The celebrated writer, who has been decorated in multiple ex-Communist countries where he helped to support the underground universities during the Cold War — with the Soviet puppet regime in Czechoslovakia arresting and expelling him and before placing him on their ‘Index of Undesirable Persons’ for his troubles — has fallen victim to an online outrage mob.

The attacks started after the government announced Scruton’s appointment to the ‘Building Better, Building Beautiful’ commission, which will look at improving new building developments in Britain’s towns and cities, which have been terribly degraded by socialistic central planners and modern architects since the end of the Second World War.

Left-wing commentators have dredged up a number of comments the philosopher has made concerning George Soros, gay adoption, and the emergence of ‘Islamophobia’ in the political discourse over a long academic career in order to smear him as harbouring various species of bigotry, with little support from the nominally ‘conservative’ political class and media establishment — but, so far, he is standing firm.

“Following my appointment as unpaid chair of the commission on Building More, Building Beautiful, there has been a rash of out-of-context quotations designed to suggest that I am anti-Semitic, and also tarred with the brush of “Islamophobia”. It even counts against my appointment that I once defended the Catholic Church’s attitude to gay adoption. So let me confess,” he began in a column for The Telegraph.

Directly addressing the most serious charge of anti-Semitism, based on the statement “Many of the Budapest intelligentsia are Jewish, and form part of the extensive networks around the Soros Empire,” he provided the full context of the quote, which came from a speech in which he highlighted the very real problems of anti-Sentimism, and why it might help to explain a distrust of “nationalism” among many Jewish intellectuals:

The remnant of territory that [Hungarians] still enjoy is shared with a substantial minority of Roma, whose unsettled ways are often resented by their neighbours, but whose cause inevitably gathers support in the wider world.
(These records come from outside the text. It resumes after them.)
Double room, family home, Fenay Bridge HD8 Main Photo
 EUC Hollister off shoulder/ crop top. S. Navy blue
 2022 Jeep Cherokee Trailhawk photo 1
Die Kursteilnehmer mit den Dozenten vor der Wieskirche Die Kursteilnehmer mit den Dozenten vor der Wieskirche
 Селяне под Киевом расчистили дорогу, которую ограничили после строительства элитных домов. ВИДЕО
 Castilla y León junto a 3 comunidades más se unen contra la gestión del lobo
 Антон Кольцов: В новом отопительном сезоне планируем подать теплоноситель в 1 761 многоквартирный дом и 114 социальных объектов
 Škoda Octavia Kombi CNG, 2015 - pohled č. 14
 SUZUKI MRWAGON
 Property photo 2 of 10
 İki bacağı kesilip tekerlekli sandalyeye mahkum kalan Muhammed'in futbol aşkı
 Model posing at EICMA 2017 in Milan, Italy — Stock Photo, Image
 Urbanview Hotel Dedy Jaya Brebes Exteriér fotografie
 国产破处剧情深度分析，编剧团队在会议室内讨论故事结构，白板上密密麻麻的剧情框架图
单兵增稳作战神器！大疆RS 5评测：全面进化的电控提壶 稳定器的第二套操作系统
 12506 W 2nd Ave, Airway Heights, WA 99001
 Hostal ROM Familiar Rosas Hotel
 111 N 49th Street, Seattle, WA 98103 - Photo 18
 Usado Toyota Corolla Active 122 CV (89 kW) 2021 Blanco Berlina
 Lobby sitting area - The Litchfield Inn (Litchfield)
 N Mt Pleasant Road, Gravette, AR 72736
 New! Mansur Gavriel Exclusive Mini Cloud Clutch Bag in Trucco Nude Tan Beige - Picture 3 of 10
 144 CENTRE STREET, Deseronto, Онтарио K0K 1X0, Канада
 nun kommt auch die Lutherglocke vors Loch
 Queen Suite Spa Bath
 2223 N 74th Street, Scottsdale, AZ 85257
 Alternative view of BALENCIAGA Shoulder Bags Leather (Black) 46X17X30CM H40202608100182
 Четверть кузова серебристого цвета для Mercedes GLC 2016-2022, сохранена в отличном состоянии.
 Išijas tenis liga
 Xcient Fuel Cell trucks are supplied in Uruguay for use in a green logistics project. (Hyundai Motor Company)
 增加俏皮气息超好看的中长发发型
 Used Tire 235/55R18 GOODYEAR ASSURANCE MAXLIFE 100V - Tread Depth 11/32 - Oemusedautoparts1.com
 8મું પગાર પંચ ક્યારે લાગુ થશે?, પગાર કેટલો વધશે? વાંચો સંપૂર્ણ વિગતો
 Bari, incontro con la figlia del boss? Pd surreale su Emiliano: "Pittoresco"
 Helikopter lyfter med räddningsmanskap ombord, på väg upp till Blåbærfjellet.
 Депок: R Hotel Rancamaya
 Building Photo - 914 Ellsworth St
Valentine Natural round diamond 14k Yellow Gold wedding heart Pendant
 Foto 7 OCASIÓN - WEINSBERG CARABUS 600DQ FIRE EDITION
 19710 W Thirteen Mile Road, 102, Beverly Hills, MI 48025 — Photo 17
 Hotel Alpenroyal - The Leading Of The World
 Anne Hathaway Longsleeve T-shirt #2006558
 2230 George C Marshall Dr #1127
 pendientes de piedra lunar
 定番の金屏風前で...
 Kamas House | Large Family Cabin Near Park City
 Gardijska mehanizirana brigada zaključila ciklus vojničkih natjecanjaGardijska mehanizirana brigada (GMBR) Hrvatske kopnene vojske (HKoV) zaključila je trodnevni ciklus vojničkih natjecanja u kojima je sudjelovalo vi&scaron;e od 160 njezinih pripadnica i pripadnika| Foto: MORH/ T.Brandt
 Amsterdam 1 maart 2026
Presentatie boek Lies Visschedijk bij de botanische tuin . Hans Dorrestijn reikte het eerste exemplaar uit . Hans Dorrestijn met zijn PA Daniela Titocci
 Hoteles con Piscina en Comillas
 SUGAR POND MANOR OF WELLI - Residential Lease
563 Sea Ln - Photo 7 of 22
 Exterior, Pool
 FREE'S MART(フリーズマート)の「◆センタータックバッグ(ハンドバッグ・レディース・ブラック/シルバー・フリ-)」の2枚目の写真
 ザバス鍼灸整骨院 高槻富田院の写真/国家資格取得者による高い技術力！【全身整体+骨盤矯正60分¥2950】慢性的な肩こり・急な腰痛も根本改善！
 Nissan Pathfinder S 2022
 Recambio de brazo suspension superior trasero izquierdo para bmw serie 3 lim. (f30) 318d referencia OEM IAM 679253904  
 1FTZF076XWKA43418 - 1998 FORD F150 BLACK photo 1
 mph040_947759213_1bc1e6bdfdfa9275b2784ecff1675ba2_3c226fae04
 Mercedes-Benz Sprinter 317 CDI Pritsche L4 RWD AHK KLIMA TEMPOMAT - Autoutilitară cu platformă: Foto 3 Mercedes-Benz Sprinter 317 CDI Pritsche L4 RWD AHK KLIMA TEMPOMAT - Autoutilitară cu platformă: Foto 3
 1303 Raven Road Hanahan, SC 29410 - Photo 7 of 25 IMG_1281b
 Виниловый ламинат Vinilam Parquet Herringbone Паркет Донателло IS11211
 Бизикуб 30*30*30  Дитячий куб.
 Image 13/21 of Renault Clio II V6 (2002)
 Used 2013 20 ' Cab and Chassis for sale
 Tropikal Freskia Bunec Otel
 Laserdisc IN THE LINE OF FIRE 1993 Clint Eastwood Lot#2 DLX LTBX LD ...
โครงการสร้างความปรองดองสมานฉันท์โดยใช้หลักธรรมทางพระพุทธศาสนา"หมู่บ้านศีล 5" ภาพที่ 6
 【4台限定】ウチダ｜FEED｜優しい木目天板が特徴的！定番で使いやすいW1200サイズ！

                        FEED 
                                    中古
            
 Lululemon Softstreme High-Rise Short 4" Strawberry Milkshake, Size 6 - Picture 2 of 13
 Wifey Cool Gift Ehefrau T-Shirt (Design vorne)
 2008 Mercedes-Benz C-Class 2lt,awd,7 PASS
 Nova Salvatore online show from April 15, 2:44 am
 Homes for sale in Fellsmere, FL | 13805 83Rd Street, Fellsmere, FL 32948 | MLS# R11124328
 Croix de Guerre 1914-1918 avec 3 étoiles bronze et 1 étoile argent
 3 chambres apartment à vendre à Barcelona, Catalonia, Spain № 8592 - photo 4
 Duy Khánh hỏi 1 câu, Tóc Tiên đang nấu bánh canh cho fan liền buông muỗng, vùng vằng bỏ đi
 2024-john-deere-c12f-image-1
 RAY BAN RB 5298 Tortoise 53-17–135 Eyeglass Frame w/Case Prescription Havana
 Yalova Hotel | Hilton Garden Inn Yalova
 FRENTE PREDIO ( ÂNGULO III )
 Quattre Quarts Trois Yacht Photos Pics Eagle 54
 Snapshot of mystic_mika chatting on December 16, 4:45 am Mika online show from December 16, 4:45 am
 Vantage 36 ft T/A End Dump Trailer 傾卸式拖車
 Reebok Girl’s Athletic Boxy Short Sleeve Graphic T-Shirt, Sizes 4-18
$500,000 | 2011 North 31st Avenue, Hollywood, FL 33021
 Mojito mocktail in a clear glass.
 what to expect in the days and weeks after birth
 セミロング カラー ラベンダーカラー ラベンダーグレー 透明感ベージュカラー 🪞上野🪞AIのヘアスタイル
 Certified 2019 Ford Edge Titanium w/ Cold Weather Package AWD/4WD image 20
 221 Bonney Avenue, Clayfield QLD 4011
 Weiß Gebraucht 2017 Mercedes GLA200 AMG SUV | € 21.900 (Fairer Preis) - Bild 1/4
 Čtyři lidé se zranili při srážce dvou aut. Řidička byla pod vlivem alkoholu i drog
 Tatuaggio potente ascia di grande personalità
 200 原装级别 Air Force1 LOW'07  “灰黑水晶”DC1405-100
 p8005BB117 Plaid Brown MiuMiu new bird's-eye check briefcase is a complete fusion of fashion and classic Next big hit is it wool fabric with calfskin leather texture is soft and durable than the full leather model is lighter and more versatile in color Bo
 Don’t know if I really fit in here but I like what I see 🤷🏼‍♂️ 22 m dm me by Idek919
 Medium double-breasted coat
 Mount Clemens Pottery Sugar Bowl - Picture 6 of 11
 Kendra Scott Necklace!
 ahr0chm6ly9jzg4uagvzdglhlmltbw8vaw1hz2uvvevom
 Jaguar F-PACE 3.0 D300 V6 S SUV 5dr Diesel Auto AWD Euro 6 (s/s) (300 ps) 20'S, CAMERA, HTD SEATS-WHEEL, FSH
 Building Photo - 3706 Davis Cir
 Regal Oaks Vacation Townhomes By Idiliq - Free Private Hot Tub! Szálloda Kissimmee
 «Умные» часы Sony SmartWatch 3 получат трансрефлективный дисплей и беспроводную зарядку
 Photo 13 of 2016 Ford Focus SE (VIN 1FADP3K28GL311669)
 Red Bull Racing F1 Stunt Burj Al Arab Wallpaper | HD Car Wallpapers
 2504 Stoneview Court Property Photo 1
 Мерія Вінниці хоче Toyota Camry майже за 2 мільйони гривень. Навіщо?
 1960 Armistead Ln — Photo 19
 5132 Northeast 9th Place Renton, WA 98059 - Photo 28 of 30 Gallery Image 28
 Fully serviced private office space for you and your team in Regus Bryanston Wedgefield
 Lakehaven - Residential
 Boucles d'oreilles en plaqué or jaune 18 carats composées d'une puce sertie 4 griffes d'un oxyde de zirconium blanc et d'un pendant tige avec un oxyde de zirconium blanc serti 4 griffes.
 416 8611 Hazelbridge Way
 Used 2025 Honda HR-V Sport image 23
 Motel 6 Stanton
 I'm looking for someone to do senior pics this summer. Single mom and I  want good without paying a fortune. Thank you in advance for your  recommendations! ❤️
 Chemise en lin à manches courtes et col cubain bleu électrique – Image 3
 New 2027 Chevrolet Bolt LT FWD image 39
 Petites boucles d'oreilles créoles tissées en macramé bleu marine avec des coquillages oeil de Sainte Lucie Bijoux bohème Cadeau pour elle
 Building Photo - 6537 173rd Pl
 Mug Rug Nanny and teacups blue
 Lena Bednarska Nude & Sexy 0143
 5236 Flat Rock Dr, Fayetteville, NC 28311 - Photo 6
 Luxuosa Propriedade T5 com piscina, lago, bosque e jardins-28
The Jewish minority that survived the Nazi occupation suffered further persecution under the Communists, but nevertheless is active in making its presence known. Many of the Budapest intelligentsia are Jewish, and form part of the extensive networks around the Soros Empire. People in these networks include many who are rightly suspicious of nationalism, regard nationalism as the major cause of the tragedy of Central Europe in the 20th century, and do not distinguish nationalism from the kind of national loyalty that I have defended in this talk. Moreover, as the world knows, indigenous anti-Semitism still plays a part in Hungarian society and politics, and presents an obstacle to the emergence of a shared national loyalty among ethnic Hungarians and Jews.

Those are only some of the factors that stand in the way of a collective pre-political attachment in this part of the world…

Turning to the subject of ‘Islamophobia’, which he was condemned for describing as a “propaganda word”, he held his ground steadfastly.

“I deplore the invention of this word, and all that it has meant by way of silencing one side to a much-needed debate. It belongs to the new politics, based in ‘the art of taking offence’, among people who could not care less whether real offence has been given,” he confirmed.

“Those who wish to know my views on Islam might like to read what I write in The West and the Rest on the Muslim way of life. How this is relevant to my views on building beautiful is of course another question, though it should be said that I have learned a lot about the topic from my close association with Marwa al-Sabouni,” he said, praising the noted female scholar on Islamic architecture.

“As for the assertion in my lecture in Hungary that Islamic states often fail to be nations, I would say that the facts speak for themselves,” he concluded.

“The matter is not a simple one, which makes it all the more sad that half-educated journalists think that it suffices to tweet a few words from a speech that they have never read in order to make a contribution to what is, in fact, the most important political debate in the world today.”